◆ Work instructions
Your copy of the entries must be exact, and it must not include the pictures.

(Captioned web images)
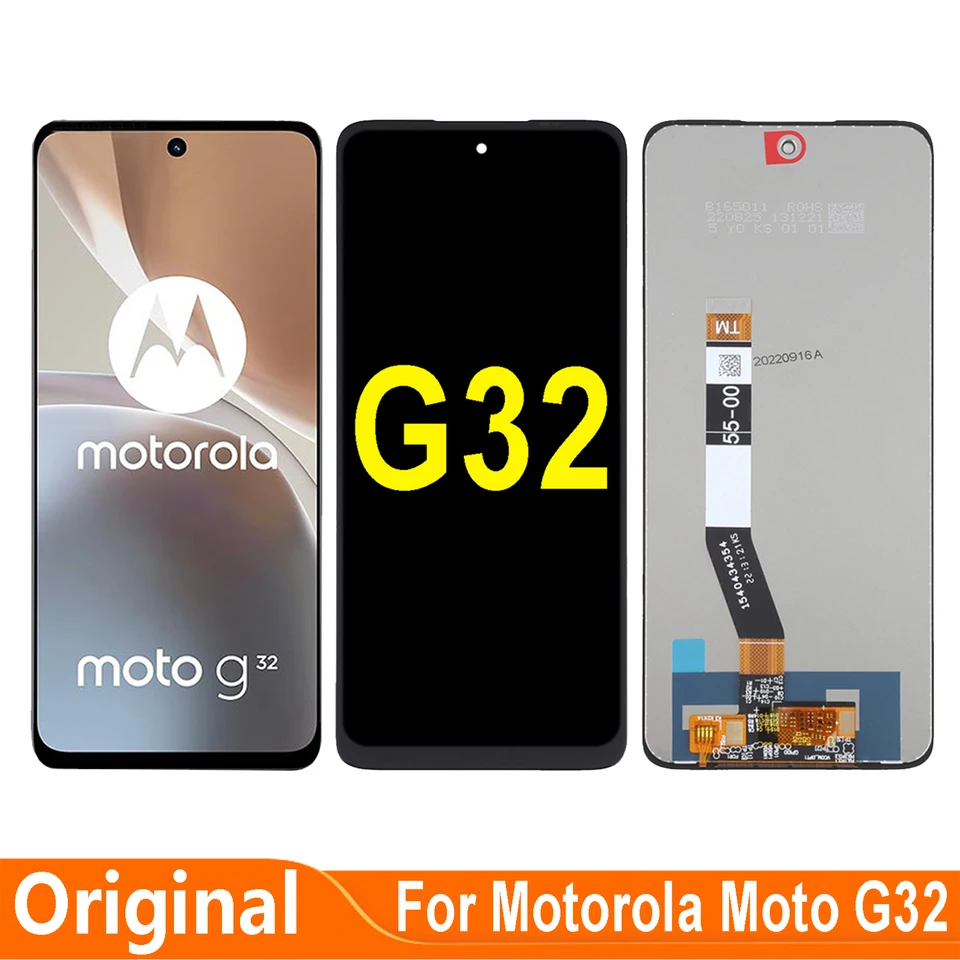 MH Schermo Per Motorola Moto G32 XT2235 Ricambio Display LCD Su Telaio Nero 3653156614712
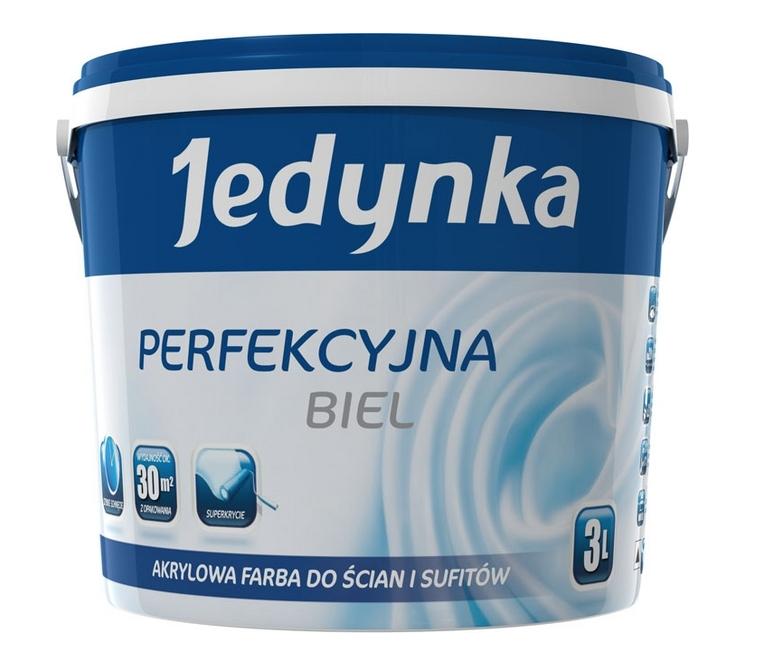 Jedynka farba akrylowa perfekcyjna biel plus 10L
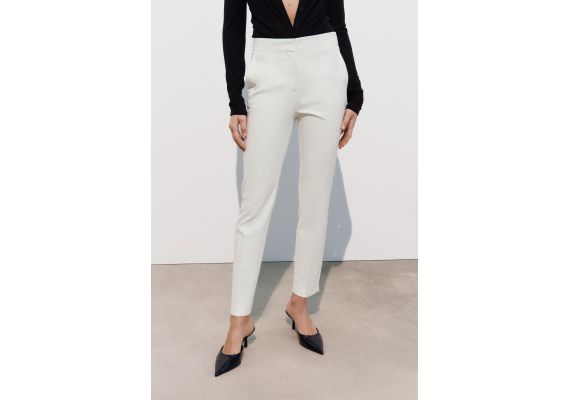 Zara Брюки jogger-waist , Цвет: Белый, Размер: S, изображение 2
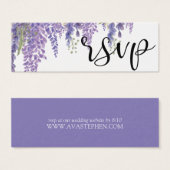 Mooie Wisteria boom bruiloft website RSVP Mini Visitekaartjes (Voorkant /achterkant)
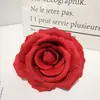 Cabezas de Flores de Rosas Artificiales para Decoración de Bodas, Arcos de Pared de Flores, Rosas Reina de Tela, Venta al por Mayor desde Fabricante, Transfronterizo
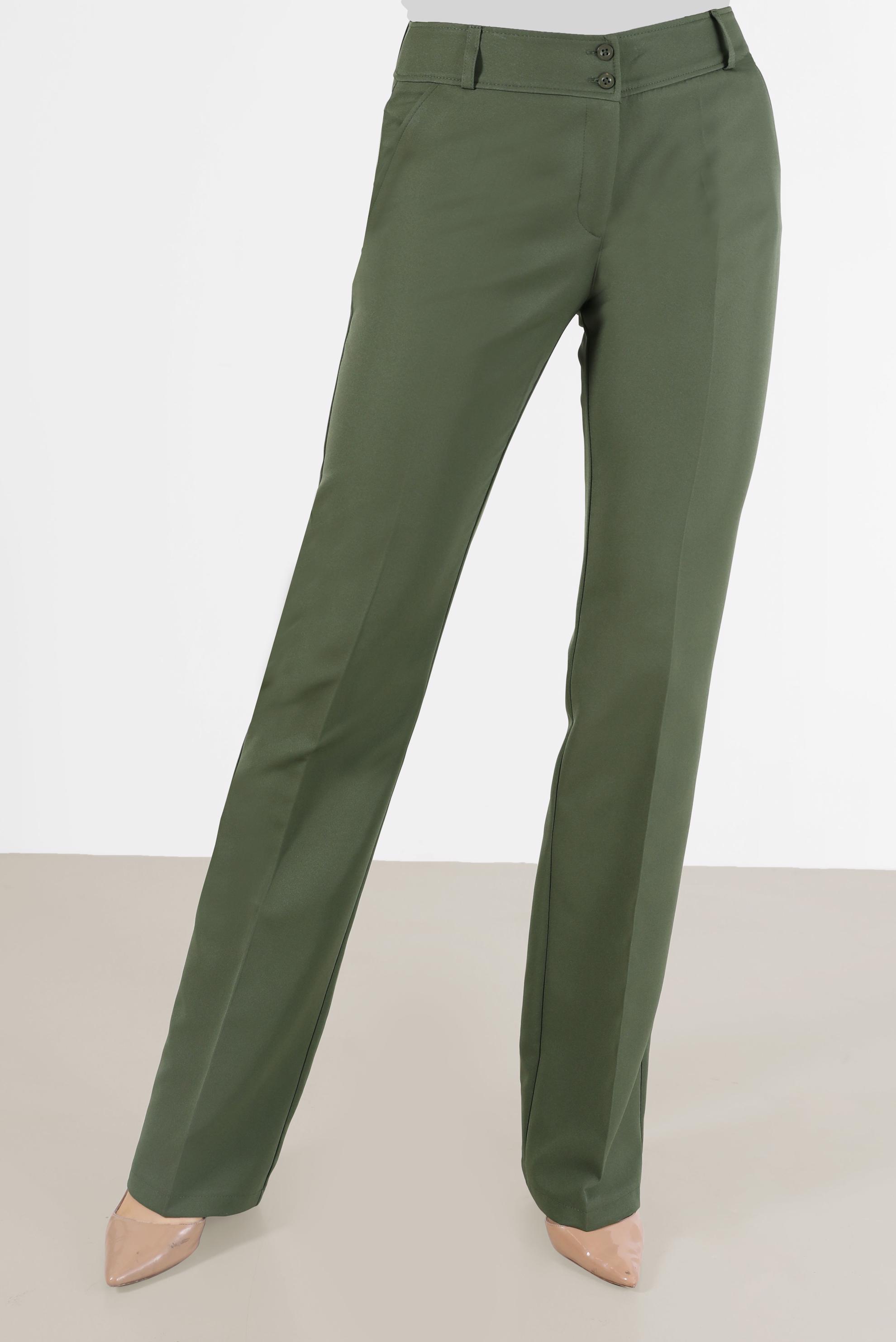 Tesettür giyim HAKİ İSPANYOL PAÇA PANTOLON 70297 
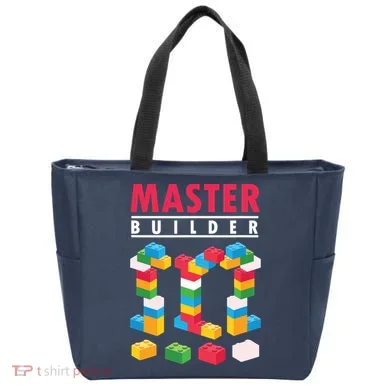 Cool Master Builder Building Blocks Bricks Toy Tote Bag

◆ Your solution
 MH Schermo Per Motorola Moto G32 XT2235 Ricambio Display LCD Su Telaio Nero 3653156614712
 Jedynka farba akrylowa perfekcyjna biel plus 10L
 Zara Брюки jogger-waist , Цвет: Белый, Размер: S, изображение 2
 Mooie Wisteria boom bruiloft website RSVP Mini Visitekaartjes (Voorkant /achterkant)
 Cabezas de Flores de Rosas Artificiales para Decoración de Bodas, Arcos de Pared de Flores, Rosas Reina de Tela, Venta al por Mayor desde Fabricante, Transfronterizo
 Tesettür giyim HAKİ İSPANYOL PAÇA PANTOLON 70297 
 Cool Master Builder Building Blocks Bricks Toy Tote Bag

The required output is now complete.